Looking at the larger picture, house prices in San Francisco have risen by 76 percent over the past five years, according to Trulia data. A typical software engineer at the highest-paying tech companies in the area now needs to spare a third of his or her income to afford a home near work, which runs around $1.2 million, according to a recent study.

The Bay Area’s astronomical home prices are often blamed on the booming startup scene in the area which has attracted a flood of cash-rich venture capitalists, entrepreneurs and developers. But Tan pointed out a more direct and important cause—there simply aren’t enough residential houses in San Francisco.

San Francisco has historically had zoning laws that limit most buildings to no taller than 40 feet, or four stories. In some “sunset zones,” buildings are subject to stricter rules that require their height not to cast a shadow on any city parks or public squares for more than an hour after sunrise or an hour before sunset.

In addition, the city also has restrictions on the number of units a developer can build in a building, which further encourages property developers to cater to the ultra-rich.

Since 2007, San Francisco has built over 100 percent more luxury homes, while less than 20 percent of housing for middle-class and low-income residents, according to San Francisco Planning Department data.

Voters have proposed changes to the zoning laws through referendums.

Their latest success was the Mission Rock Development Initiative in 2015, which raised the building height limit from 40 feet to 240 feet in locations near the AT&T Stadium in San Francisco.

The California State Senate is currently considering a bill that would raise the height limit of buildings near large public transit stations to 85 feet.

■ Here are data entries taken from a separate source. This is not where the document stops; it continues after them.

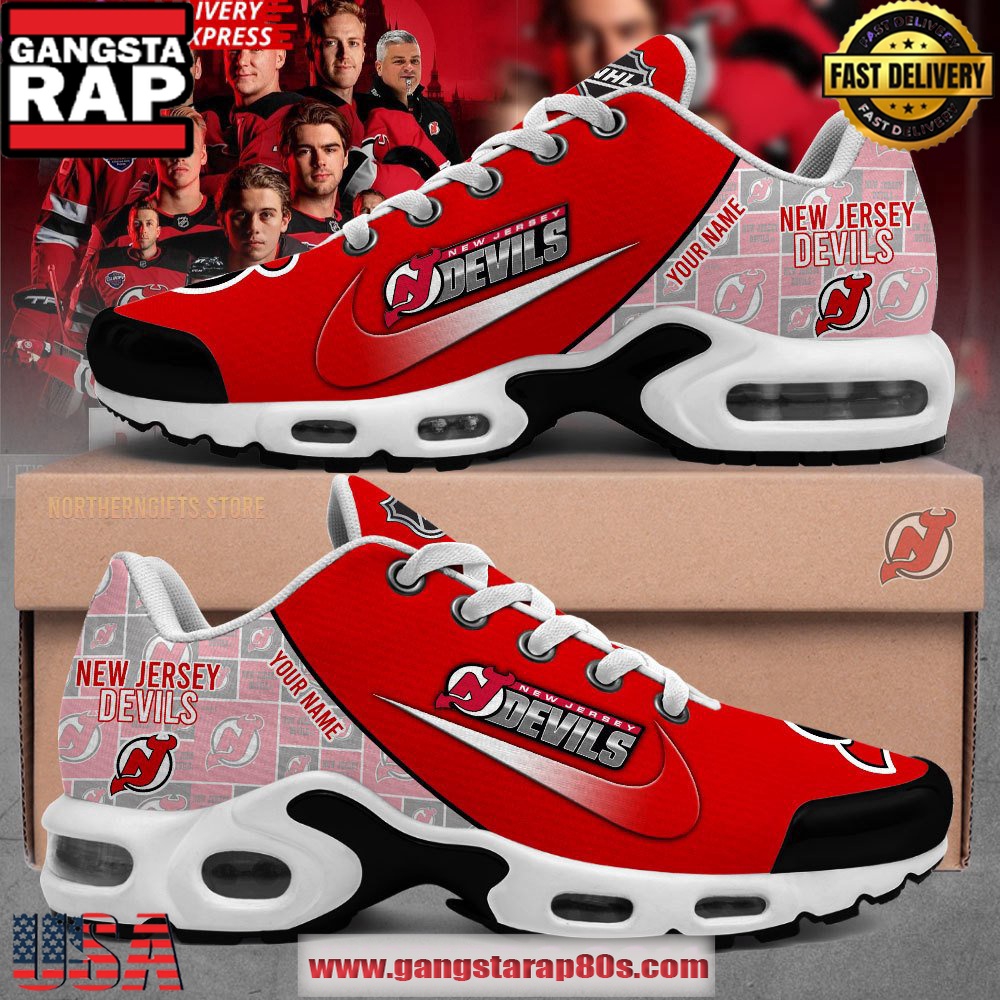 New Jersey Devils Hockey Custom Name Air Max Plus Shoes Running Sneakers New Jersey Devils Hockey Custom Name Air Max Plus Shoes Running Sneakers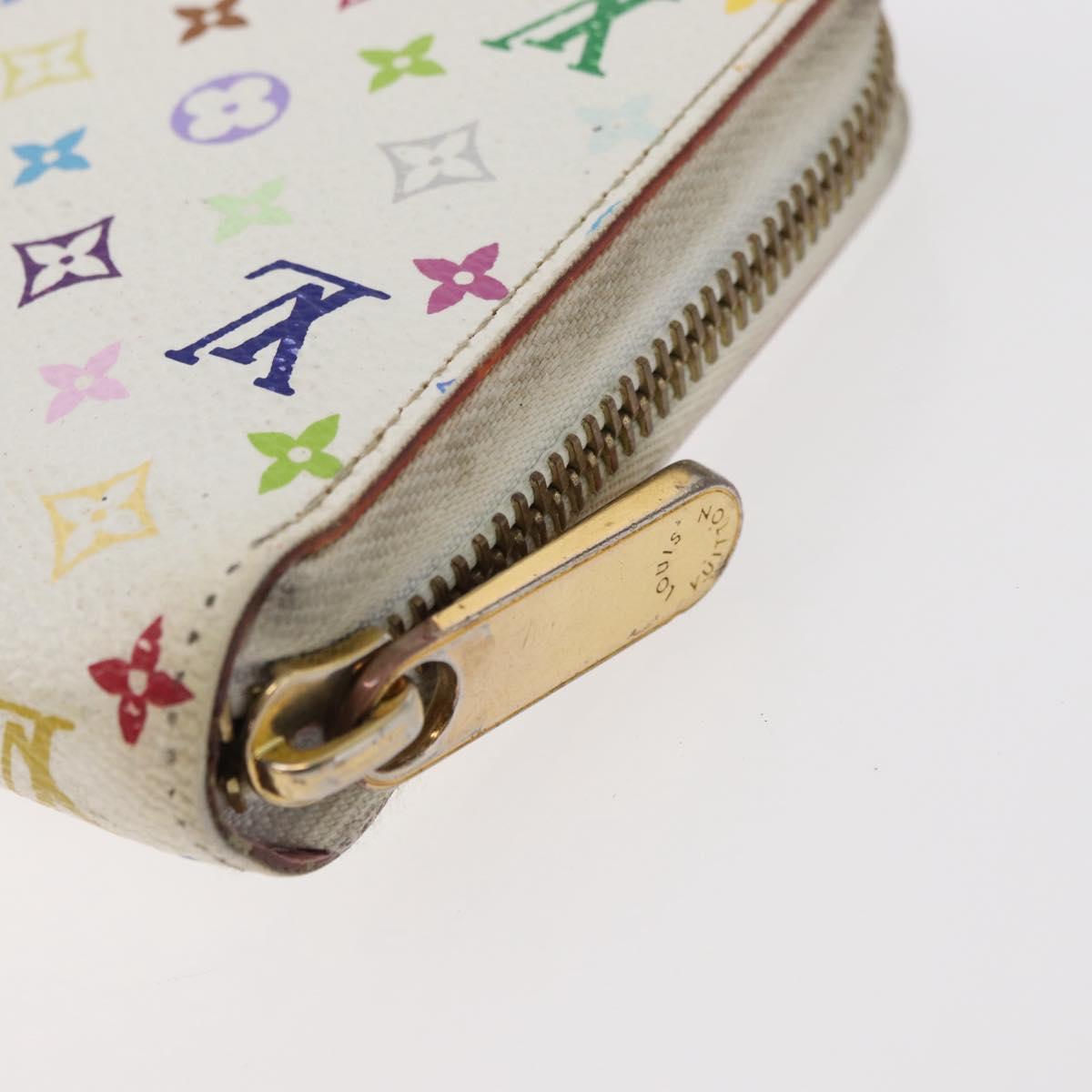 LOUIS VUITTON Monogram Multicolor Zippy Long Wallet White M60241 LV Auth BA12620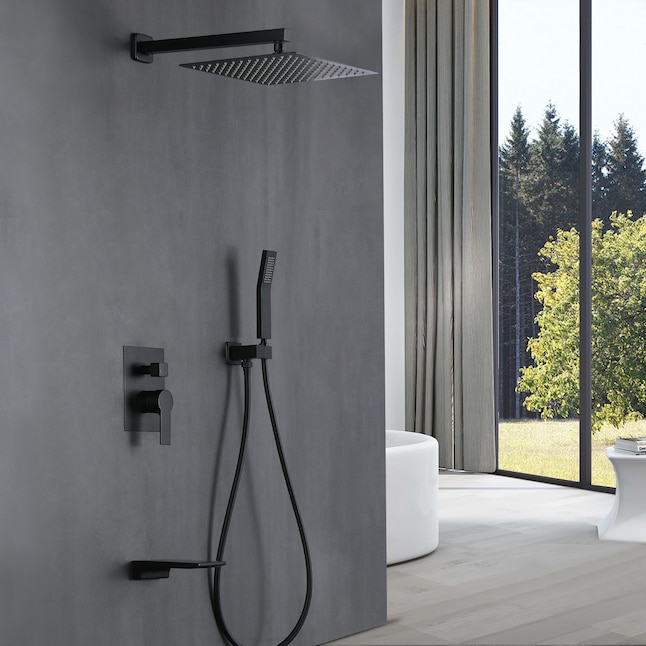 WELLFOR 12-inch Wall Mount Shower System Matte Black Dual Head ...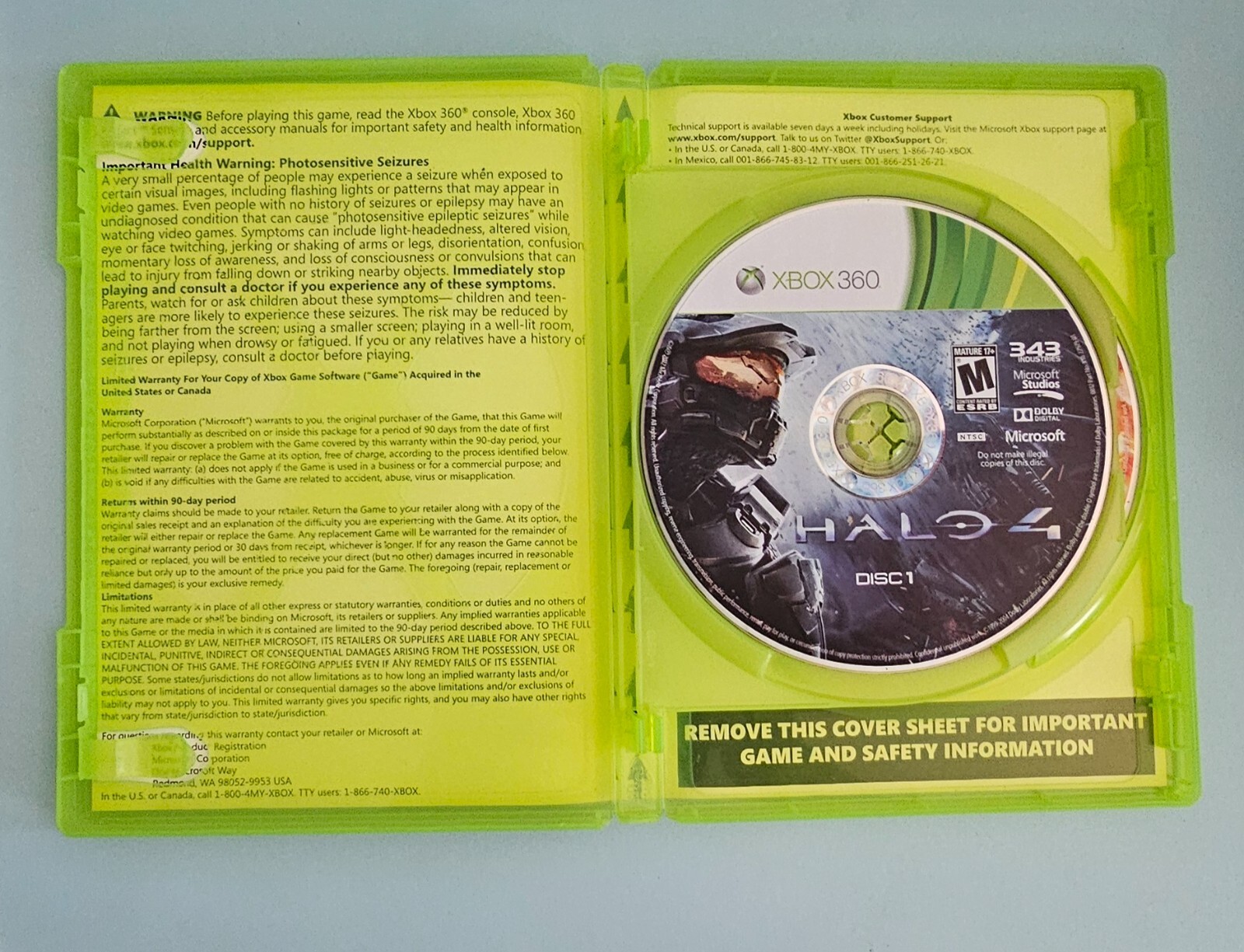 XBOX 360 HALO 4 Microsoft Studios 343 Industries Games Rated M for Mature 17+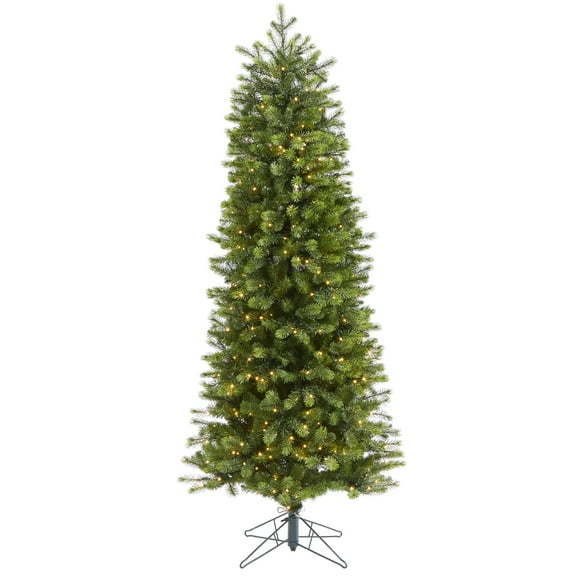 Nearly Natural 6.5' Slim Colorado Mountain Spruce Christmas Tree with 450 White LED - Green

However, the proposal has faced resistance from local legislators who criticize the state’s intention as overpowering their planning authority.

Josh Wolfe, a cofounder of Lux Capital, a venture capital firm with stakes in robotics technology, space exploration and other industries, noticed that large tech companies in Silicon Valley have been opening branch offices outside San Francisco in order to retain employees who want to move away.